Top of LISTED ENTRIES
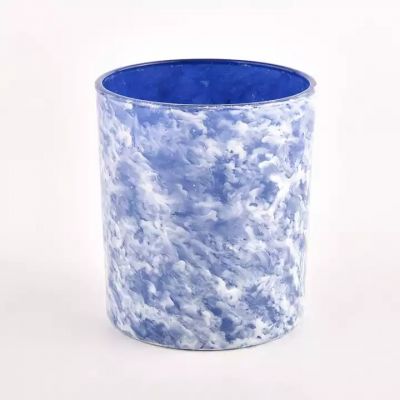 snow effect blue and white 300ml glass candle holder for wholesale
Bottom of LISTED ENTRIES
Top of LISTED ENTRIES
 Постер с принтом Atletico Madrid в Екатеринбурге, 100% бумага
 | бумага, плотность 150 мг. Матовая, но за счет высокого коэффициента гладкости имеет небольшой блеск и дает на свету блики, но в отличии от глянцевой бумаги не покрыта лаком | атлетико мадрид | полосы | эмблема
Bottom of LISTED ENTRIES
YOUR ASSIGNMENT> Everything above from the line containing "Постер с принтом" down to the line containing "полосы | эмблема" should be copied exactly, both end lines included, and nothing else.

RESULT FOR THIS EXERCISE>
 Постер с принтом Atletico Madrid в Екатеринбурге, 100% бумага
 | бумага, плотность 150 мг. Матовая, но за счет высокого коэффициента гладкости имеет небольшой блеск и дает на свету блики, но в отличии от глянцевой бумаги не покрыта лаком | атлетико мадрид | полосы | эмблема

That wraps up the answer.